◆ **What is being asked**
For this exercise, retype the lines from the one that holds "Cute toy sitting on the potty" through the one that holds "a bedroom with two beds and a window" in the records below, both included, exactly and without pictures.

◆ **Data extracts**
________________________________________

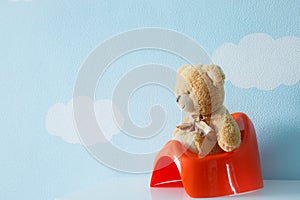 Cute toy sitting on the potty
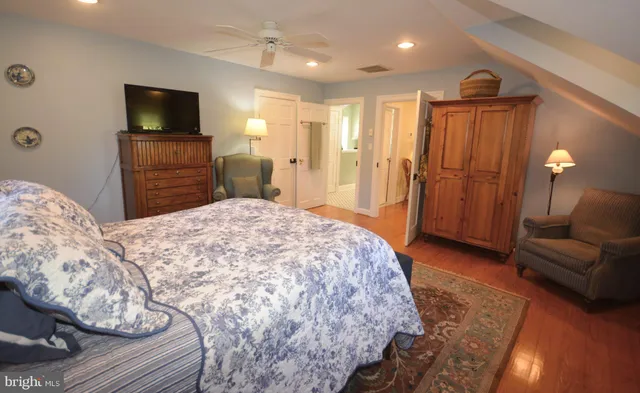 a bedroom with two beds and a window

________________________________________

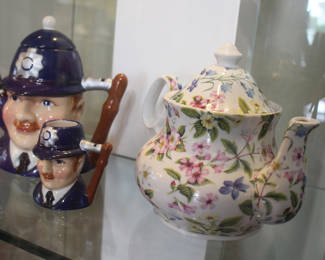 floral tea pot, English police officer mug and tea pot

________________________________________

◆ **Task solution**
 Cute toy sitting on the potty
 a bedroom with two beds and a window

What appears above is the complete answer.